Association of Native Educators of Lower Kuskokwim

by Charles T. Kashatok

The annual meeting of the Association of Native Educators of Lower Kuskokwim (ANELK) was on March 5, 1996 with forty-six people present that included two guests who came to attend the local school district bilingual conference from outside the school district and eleven elders from some of our district schools. These people came to Bethel to attend the LKSD sponsored bilingual conference at the Yupiat Piciryarait Cultural Center in Bethel on March 6, 7, and 8, 1996.

The business portion of the meeting included the review of association bylaws, Career Ladder program, Association Scholarship Fund, alternative certification requirements through Kuskokwim Campus, ANELK newsletter and elections. Election results for the association executive officers include the following: John O. Mark, president; Walter Tirchick, vice-president; Charles Kashatok, secretary/treasurer; and Levi Hoover and David Charlie, members.

The association formed during a special meeting at a teacher inservice in the fall of 1987 at Quinhagak. The meeting, initiated by Tim Samson and other Native certified teachers from within the school district, brought concerns that include a need for a support system to increase the number of certified Native teachers within the district. Other concerns pertained to the performance of Native students within the local schools. The group decided to form an association to try to help each other as fellow workers and parents in improving the school curriculum, school performance of students and continued support and increase the number of Native teachers within the school district.

At a later date, the association representative, Tim Samson, shared the concerns of the association members with the Board of Education of Lower Kuskokwim School District. The BOE approved the intent of the association as its impact will indirectly and positively impact the students' performance. Since that meeting, the LKSD board includes some money in the district budget to sponsor an education conference by and for the Native teachers of Lower Kuskokwim.

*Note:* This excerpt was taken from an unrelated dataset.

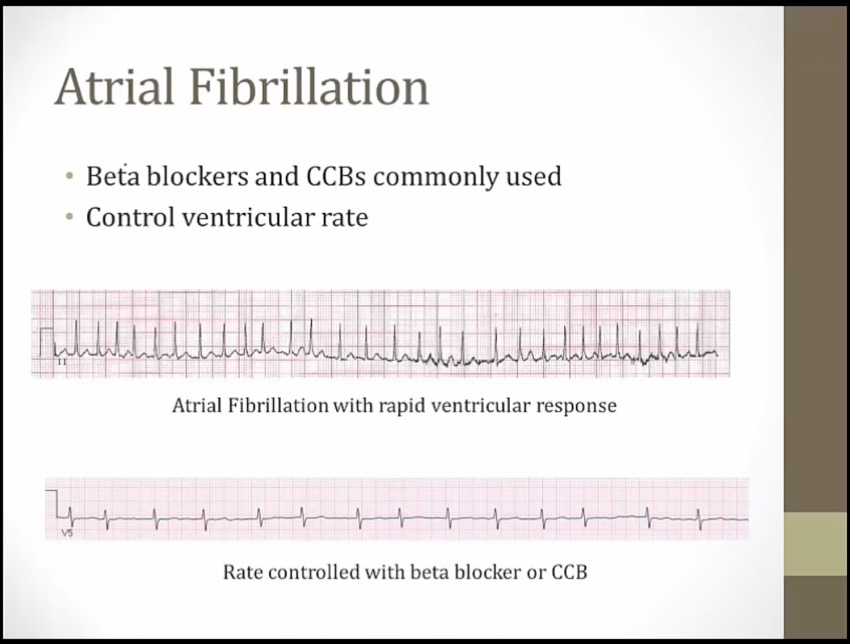 21 Antiarrhythmics - My Wiki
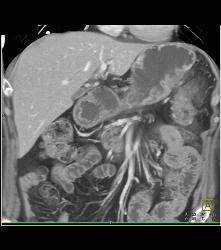 Pancreatic Cancer Invades the Spleen - CTisus CT Scan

The recent Fifth Annual LKSD Bilingual Conference, held for the first time in Bethel, brought nearly 150 participants that included twenty-four elders from Lower Kuskokwim and Southwest school districts. The previous conferences were held in the St. Mary's Conference Center as feasible facilities were hard to find in Bethel. The Yup'ik Cultural Center served its purpose very well. Future conferences may be expected to be held in Bethel. Bering Straits, Yupiit, Dillingham, Southwest Regional and Lower Yukon sent participants to this year's conference. The event memorable to most of the participants was the demonstration of the process of allowing the elders to share their knowledge to a group of teachers who wrote down all of the ideas spoken or suggested by the elders as a group. This activity fit the "Process of Developing Cultural Curriculum" taught by Anita Chisholm of the University of Oklahoma.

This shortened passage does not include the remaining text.